What is Agile Integration?

Agile integration is an agile approach to the integration of new tools with existing software systems. The traditional approach to integration involves building an enterprise service bus (ESB), which is a hub that lets all the applications share common resources. However, individual applications still exist in silos, and the architecture isn't scalable. The traditional approach works for legacy applications that work on monolithic architectures.

Modern, cloud-based applications, on the other hand, don't work on rigid monolithic architectures. Instead, modern apps allow you to break functionality into separate services, which can be accessed independently. These microservices need flexible communication channels for scalability, and hence, the need for an agile approach to integration.

Agile integration decentralizes communication, such that services can be easily added or removed, without affecting the rest of the software. Agile integration, particularly, complements the agile approach to development, where software is developed iteratively. Every code sprint adds specific functionality to the software. With the agile approach to integration, these iterations can be tested and deployed independently, without disrupting the rest of the ecosystem.

Benefits of Agile Integration

Today, technology is changing at a rapid pace, and these changes dictate the markets. In order to stay competitive, companies need to continually deploy better software to meet the ever-changing expectations of customers. That's where agile integration comes in.

With the rise in popularity of public and private clouds, businesses, increasingly, are relying on cloud-based services for fast deployment of applications. However, the cloud approach needs the flexibility to adapt to varying environments and unexpected workloads. With agile integration, scaling a multi-cloud strategy becomes easier and less disruptive. Some of the key benefits of agile integration are:

  • Faster time to market

In traditional integration architecture, components of an application are coupled. In other words, if one part of the application is upgraded, for instance, the rest of the application has to go out of service. Agile integration allows key components to be placed in independent containers, such that it becomes easy to add or remove components, without affecting other services. Thus, it allows businesses to scale quickly, reducing their time to market for new services or products.

  • Lower risks

Agile relies on breaking down a complex project into simpler parts. In the case of agile integration, integration is thought of from the very beginning. Thus, there is no risk of a complex software tool being totally incompatible with the existing architecture.
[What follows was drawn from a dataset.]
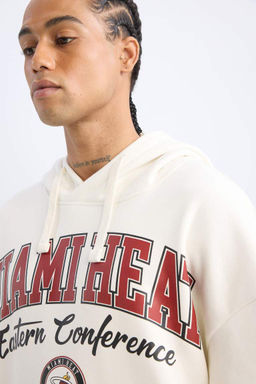 Мужской толстый свитшот оверсайз с капюшоном и принтом DeFactoFit NBA Miami Heat  фото 6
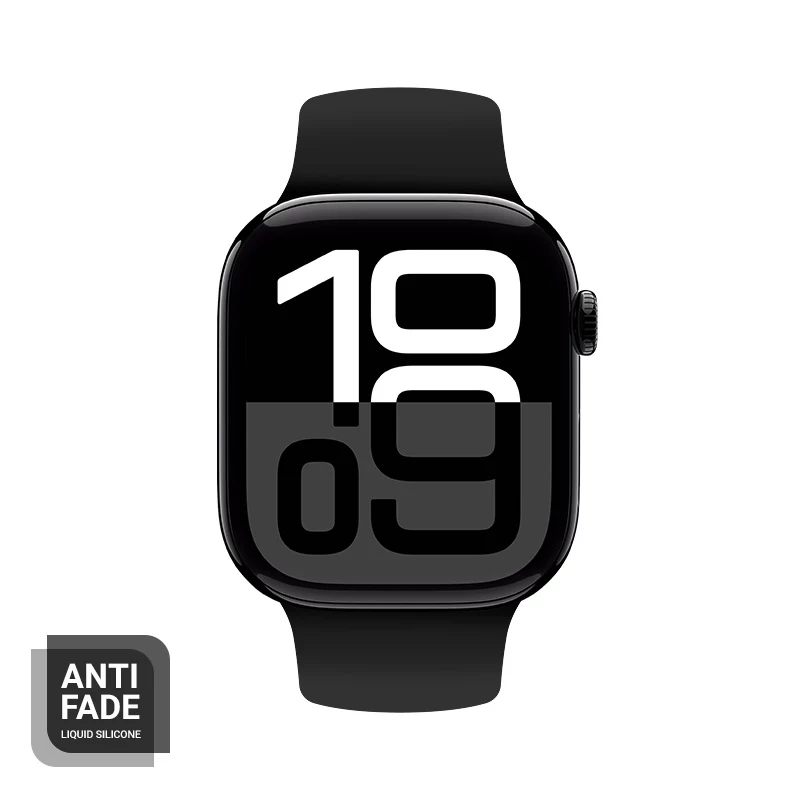 Crong Liquid Silicone Strap für Apple Watch 38/40/41/42 mm (Schwarz)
Important Pillars of Agile Integration

While there are several aspects to agile integration in enterprises, the practice rests on three key pillars. These are:

Distributed integration

Traditional software architecture adopts a centralized approach to software deployment. Only a handful of people within an organization have the expertise to deploy new solutions, which leads to delays and backlogs. Agile integration relies on a distributed environment for the quick deployment of new tools and systems. With the API-based integration, individual teams can control the necessary deployment of new systems, and their integration in the existing architecture.

Containers

These are application bundles that have all the critical components needed for fast and easy deployment of new systems. Agile integration relies on the standardization of containers to enable the reuse of critical components across an organization.

APIs

They are reusable interfaces that contain key assets, which serve as building blocks for teams throughout an organization. With the help of APIs, internal as well as external users can use a business's applications or a part of its applications. Since different users can interact with different APIs of the same organization, depending on their purpose, it promotes a decentralized approach to enterprise-wide integration.